What to produce
Each record should reappear exactly in your answer, minus any picture.
***** Provided information
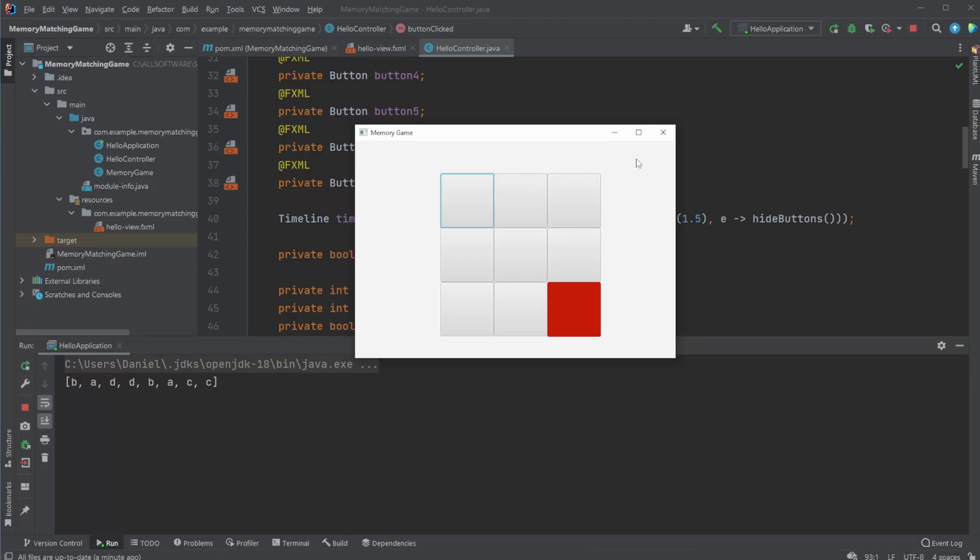Hey, it's RandomCode here and today I want to showcase a memory matching game which I created with Java and more precisely JavaFX for my graphical user interface.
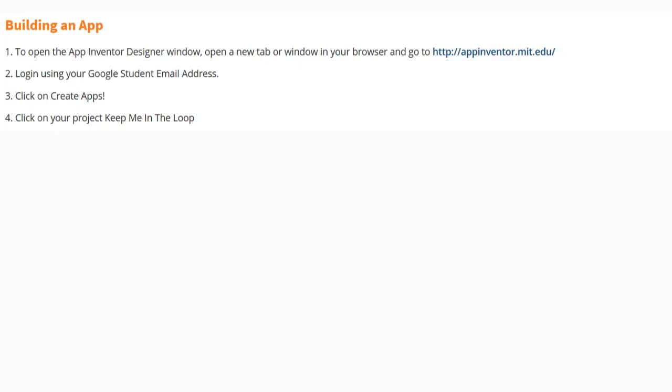Today we're going to continue with activity 2.1, Keep Me in the Loop, and we're going to focus on the extension portion of this activity, or part two.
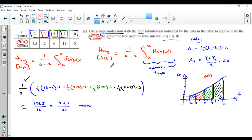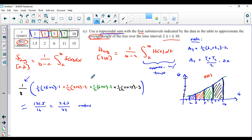The average value part is not going to be on your test this year, but the trapezoidal part can absolutely be on your test. See if you can crunch out these numbers without necessarily taking the time to draw the graph if you're pressed for time — but I like drawing it because it makes it obvious what's going on.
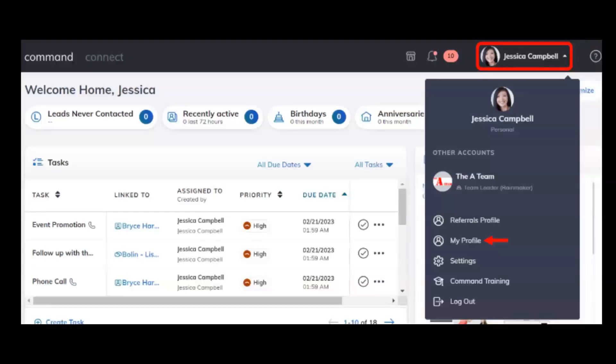Hey everybody, this is Evan with Scott Leroy Marketing. Today I'm going to be showing you how you can view your cap status in Command. You can now view real-time cap statuses including royalty and company dollar anniversary dates, split percentages, and total cap amounts.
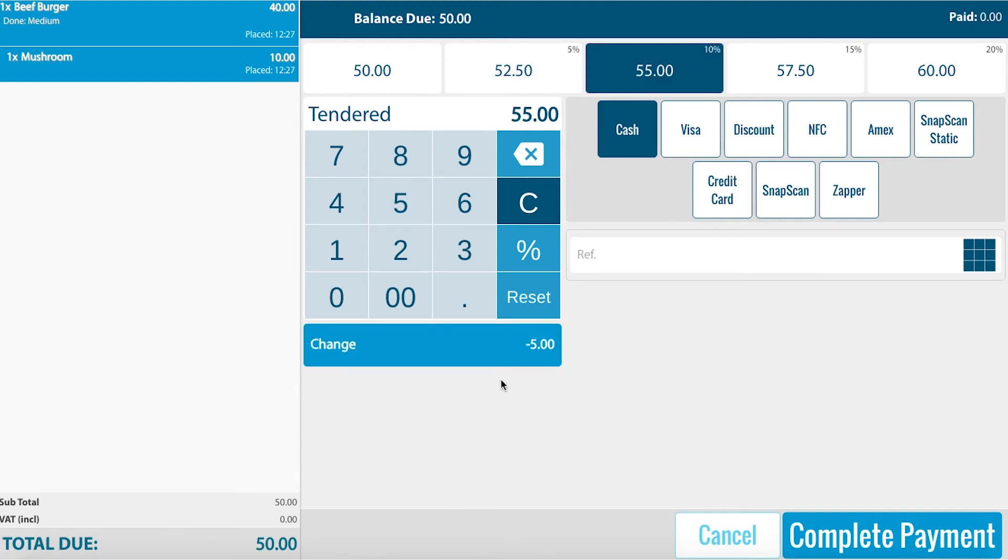We can either give them 5 Rand change or take the 5 Rand as a tip if they proceed. Click on complete payment to proceed.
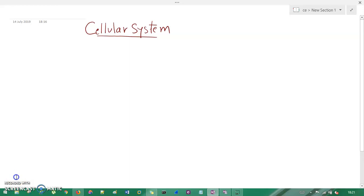What's up guys, this is Technocube and you are watching Mobile Computing Fundamentals. We're going to understand a cellular system in this session. So why cellular system? Because you have mobile devices like Nokia, Samsung, Lenovo, and many more. All these systems, instead of using a wireless network, use a cellular network. You call it a wireless network, but exactly it is a cellular system.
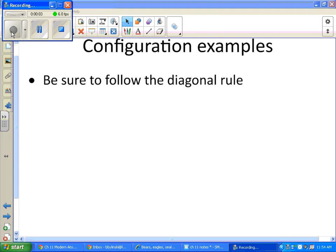Okay, today we look at more electron configurations. Before we did what's called the arrow notation where we represented electrons as arrows. Today the electrons will be numbers and then I will also show you a shorthand notation.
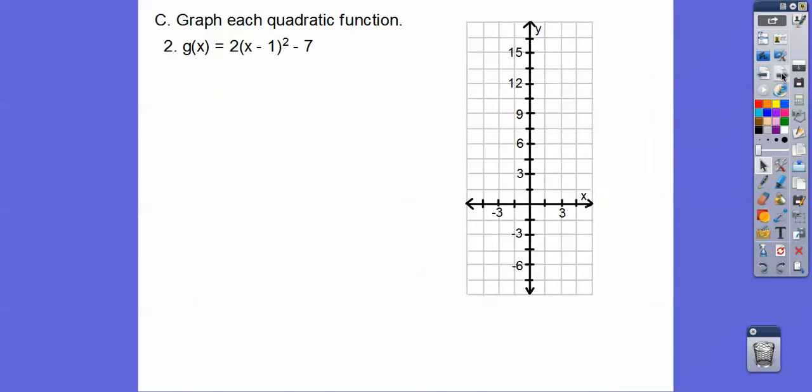Here's the second example. The vertex is opposite same: one, negative seven. This parabola is going up because of that positive two. So we're going to go over and then up from the vertex.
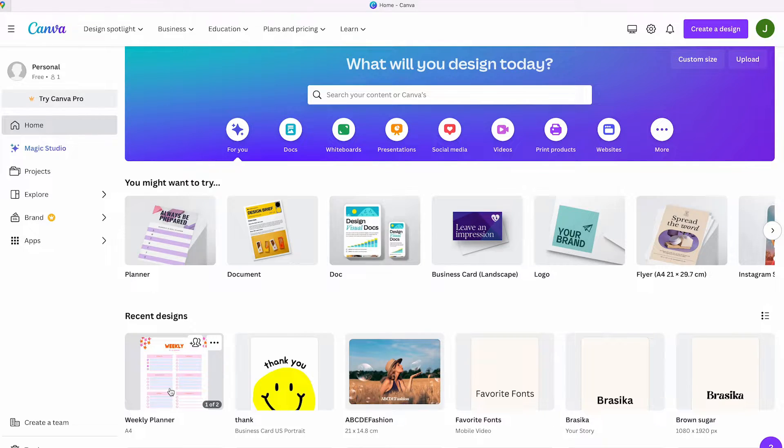Hey everyone! In this video I will show you how you can easily share your Canva designs on WhatsApp.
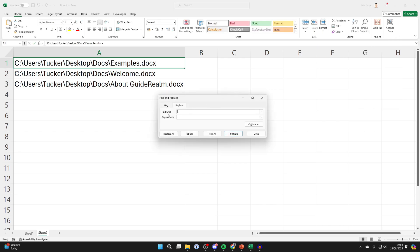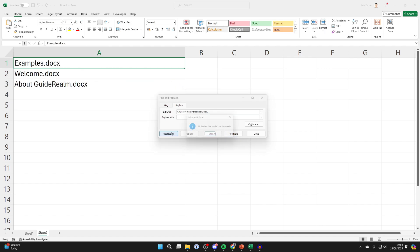Then what you want to do is in find what is right click and press paste or Ctrl V and where it says replace with, keep that empty. And what you can do is click on replace all. And like that,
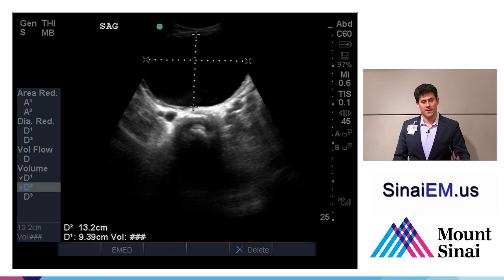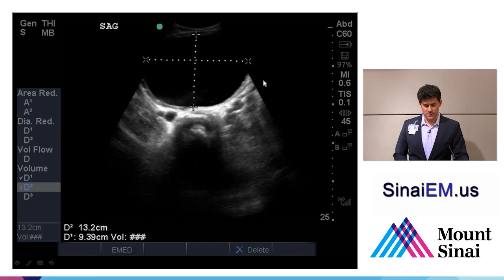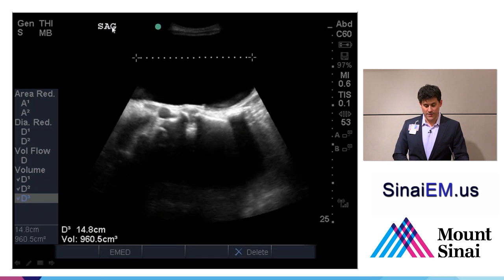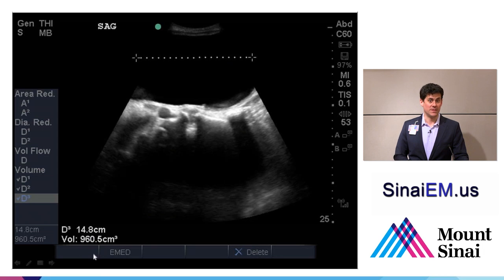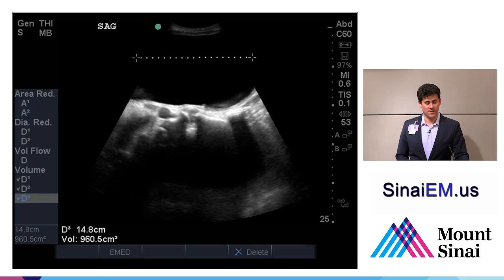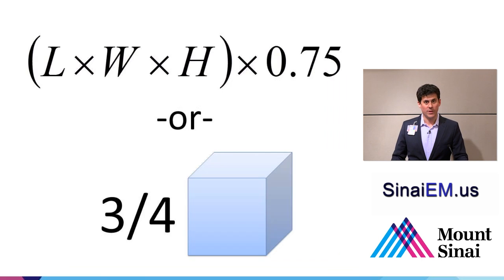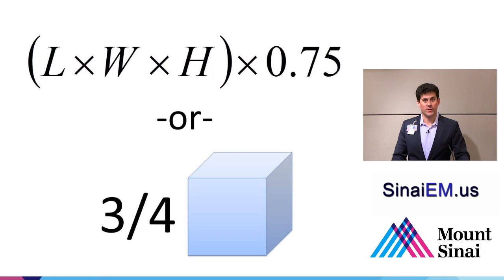Most machines can perform these measurements with the equation built in. In the transverse view we have anterior-to-posterior and left-to-right dimensions. In the sagittal view the bladder here extends off the edges of the screen, so it's at least 14 centimeters, giving a total bladder volume of at least a liter. You can use your machine's calculations area, or remember a simple validated equation: length times width times height times 0.75 — three-quarters of a cube — to get a good estimate of bladder volume.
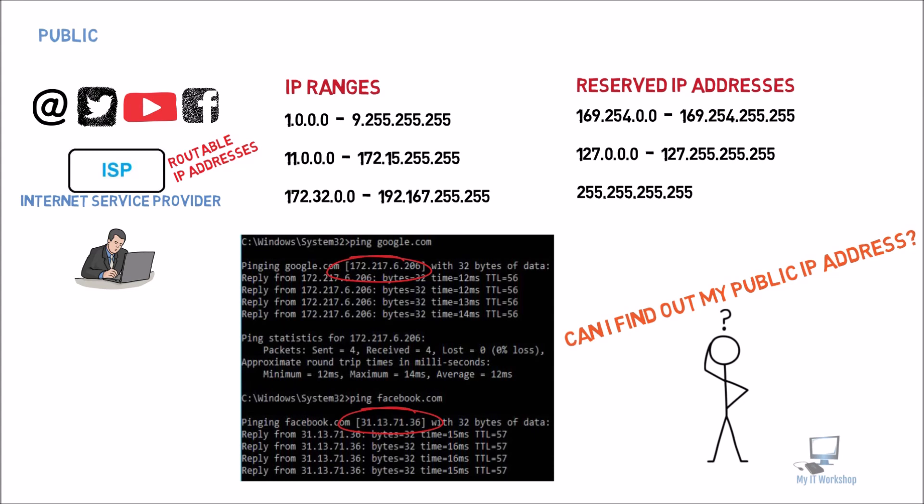So that will be for the video, guys. Thank you very much for watching. I'm going to probably make the third one in the series where we are going to be talking about the second part of an IP address, which is a network mask. Now if you like this video, please leave a like and consider subscribing to the channel. Thank you very much.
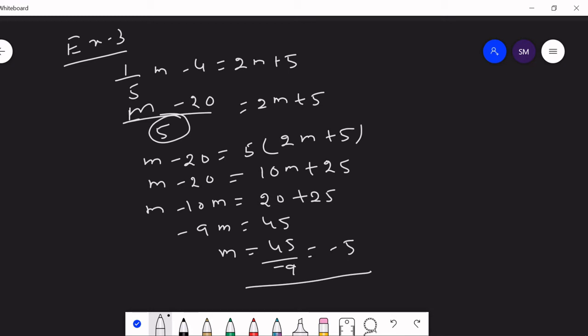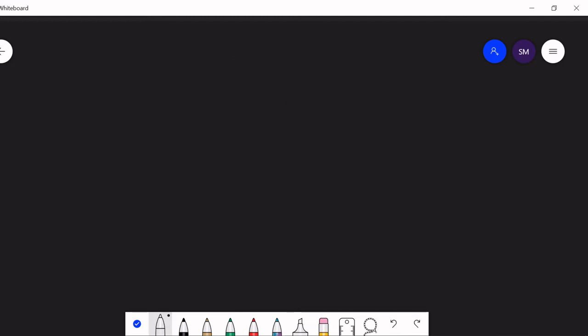This method is called the transposing method. When you shift a term from LHS to RHS, the sign changes. When a term is in the numerator in LHS and goes to RHS, it goes to the denominator. Follow my class regularly, watch the video to the end, and ask me your doubts. I am ever ready to clear all your queries.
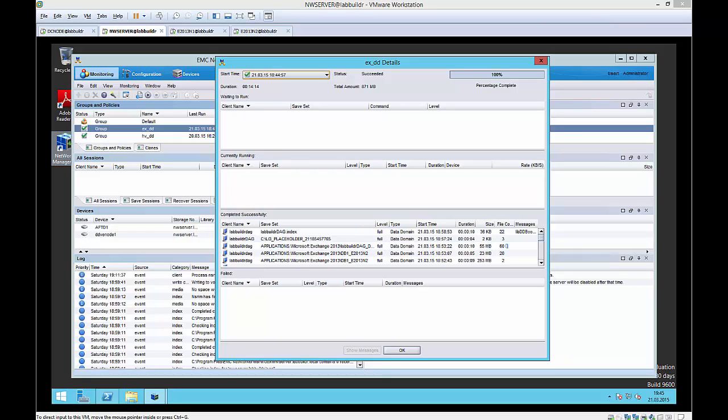Hello and welcome to the next part of the LabBuilder Unleashed for NetWorker NMM with Exchange and Hyper-V. In the last part, we successfully did some post-installation tasks of the Exchange database availability group setup and started a backup.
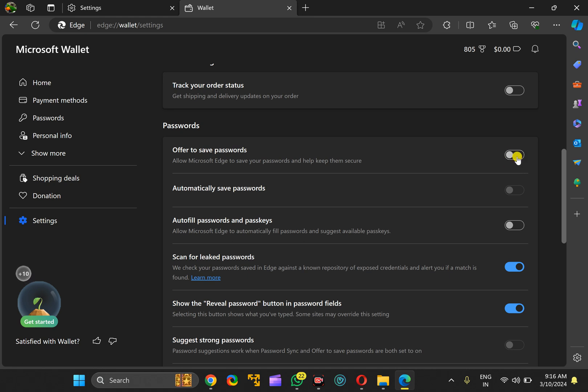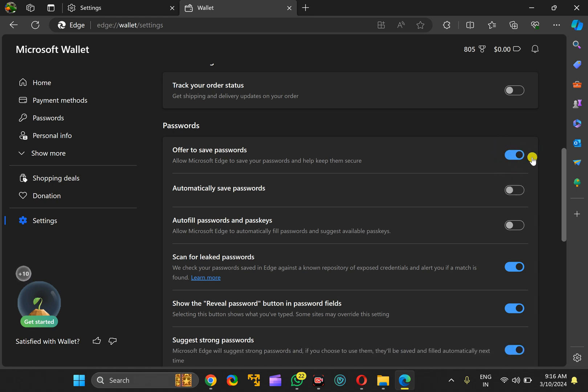After making the changes, close the Edge browser and reopen it to apply the changes.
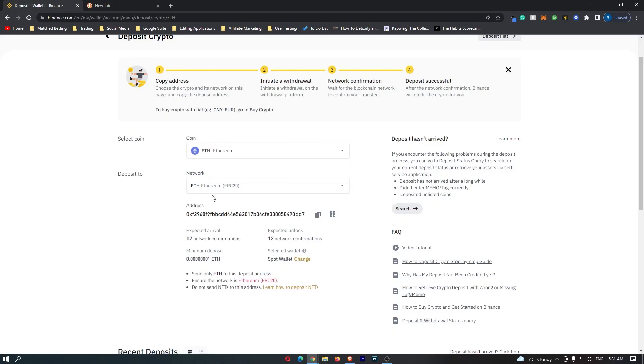This is going to send over to your Binance wallet and that is how you can deposit crypto into Binance.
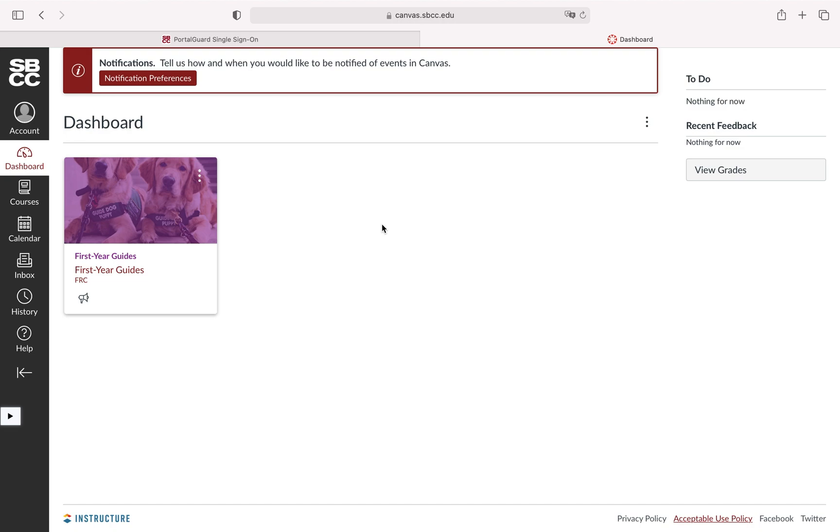So what we're seeing here where it says first year guides, we call these canvas shells. Each online course will generally have one and let's say you just added your course maybe last week but it's not starting for a couple weeks. More likely than not there probably is not going to be a canvas shell open yet by the instructor.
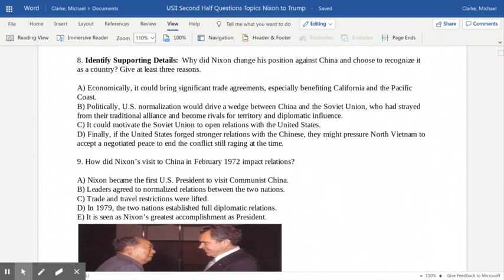Looking at question eight — why did Nixon change his position on China and choose to recognize it? Economically, he viewed it as an opportunity to open up trade. The most populous state in the United States today is California, and logistically, going back and forth across the Pacific would be a natural fit for Chinese-American trade relations. Politically, normalization with China would drive a wedge between China and the Soviet Union — if we could establish a cooperative relationship with China, this could indirectly motivate the Soviets to the bargaining table and perhaps open a stronger relationship between the U.S. and the Soviet Union.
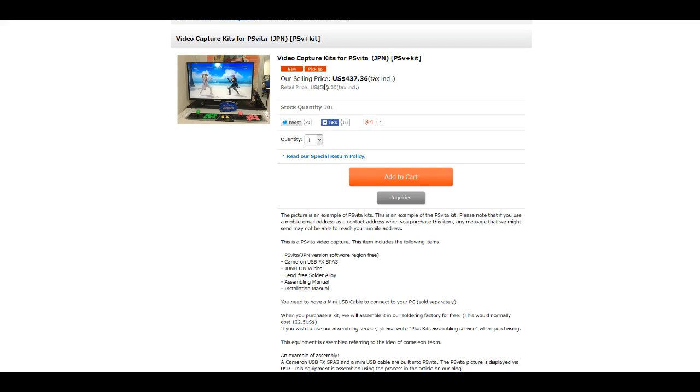This is for if you give the guy the money, he buys a Vita, mods it and sends it to you. Since I already have one I would be going with just the kit, which means that I ship it off to the guy in Japan, which is obviously a little scary. He said it's like a one to two week turnover rate, then you get it back modded with the capture card.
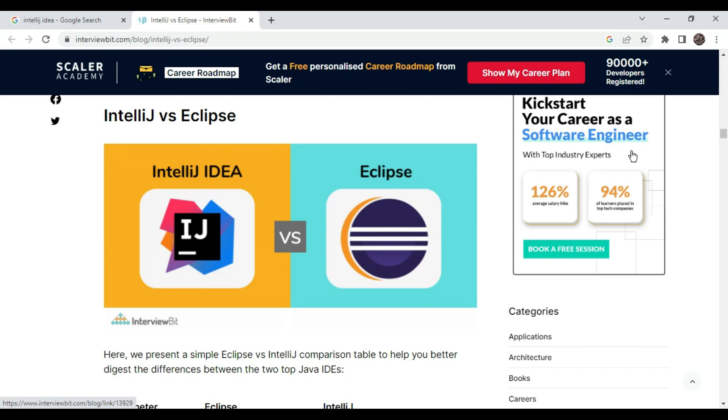Hi guys, welcome to simplifying tech and programming. In today's session we are going to check how we can install and configure IntelliJ IDEA IDE on Windows machine. This question comes into every developer's mind that there are multiple integrated development environments available to develop Java and advanced Java code.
**********
Answer space
Hey, it's RandomCode here and today I want to showcase a memory matching game which I created with Java and more precisely JavaFX for my graphical user interface.
Today we're going to continue with activity 2.1, Keep Me in the Loop, and we're going to focus on the extension portion of this activity, or part two.
The average value part is not going to be on your test this year, but the trapezoidal part can absolutely be on your test. See if you can crunch out these numbers without necessarily taking the time to draw the graph if you're pressed for time — but I like drawing it because it makes it obvious what's going on.
Hey everybody, this is Evan with Scott Leroy Marketing. Today I'm going to be showing you how you can view your cap status in Command. You can now view real-time cap statuses including royalty and company dollar anniversary dates, split percentages, and total cap amounts.
We can either give them 5 Rand change or take the 5 Rand as a tip if they proceed. Click on complete payment to proceed.
What's up guys, this is Technocube and you are watching Mobile Computing Fundamentals. We're going to understand a cellular system in this session. So why cellular system? Because you have mobile devices like Nokia, Samsung, Lenovo, and many more. All these systems, instead of using a wireless network, use a cellular network. You call it a wireless network, but exactly it is a cellular system.
Okay, today we look at more electron configurations. Before we did what's called the arrow notation where we represented electrons as arrows. Today the electrons will be numbers and then I will also show you a shorthand notation.
Here's the second example. The vertex is opposite same: one, negative seven. This parabola is going up because of that positive two. So we're going to go over and then up from the vertex.
Hey everyone! In this video I will show you how you can easily share your Canva designs on WhatsApp.
Then what you want to do is in find what is right click and press paste or Ctrl V and where it says replace with, keep that empty. And what you can do is click on replace all. And like that,
Most machines can perform these measurements with the equation built in. In the transverse view we have anterior-to-posterior and left-to-right dimensions. In the sagittal view the bladder here extends off the edges of the screen, so it's at least 14 centimeters, giving a total bladder volume of at least a liter. You can use your machine's calculations area, or remember a simple validated equation: length times width times height times 0.75 — three-quarters of a cube — to get a good estimate of bladder volume.
So that will be for the video, guys. Thank you very much for watching. I'm going to probably make the third one in the series where we are going to be talking about the second part of an IP address, which is a network mask. Now if you like this video, please leave a like and consider subscribing to the channel. Thank you very much.
This method is called the transposing method. When you shift a term from LHS to RHS, the sign changes. When a term is in the numerator in LHS and goes to RHS, it goes to the denominator. Follow my class regularly, watch the video to the end, and ask me your doubts. I am ever ready to clear all your queries.
Hello and welcome to the next part of the LabBuilder Unleashed for NetWorker NMM with Exchange and Hyper-V. In the last part, we successfully did some post-installation tasks of the Exchange database availability group setup and started a backup.
After making the changes, close the Edge browser and reopen it to apply the changes.
This is going to send over to your Binance wallet and that is how you can deposit crypto into Binance.
So what we're seeing here where it says first year guides, we call these canvas shells. Each online course will generally have one and let's say you just added your course maybe last week but it's not starting for a couple weeks. More likely than not there probably is not going to be a canvas shell open yet by the instructor.
Looking at question eight — why did Nixon change his position on China and choose to recognize it? Economically, he viewed it as an opportunity to open up trade. The most populous state in the United States today is California, and logistically, going back and forth across the Pacific would be a natural fit for Chinese-American trade relations. Politically, normalization with China would drive a wedge between China and the Soviet Union — if we could establish a cooperative relationship with China, this could indirectly motivate the Soviets to the bargaining table and perhaps open a stronger relationship between the U.S. and the Soviet Union.
This is for if you give the guy the money, he buys a Vita, mods it and sends it to you. Since I already have one I would be going with just the kit, which means that I ship it off to the guy in Japan, which is obviously a little scary. He said it's like a one to two week turnover rate, then you get it back modded with the capture card.
Hi guys, welcome to simplifying tech and programming. In today's session we are going to check how we can install and configure IntelliJ IDEA IDE on Windows machine. This question comes into every developer's mind that there are multiple integrated development environments available to develop Java and advanced Java code.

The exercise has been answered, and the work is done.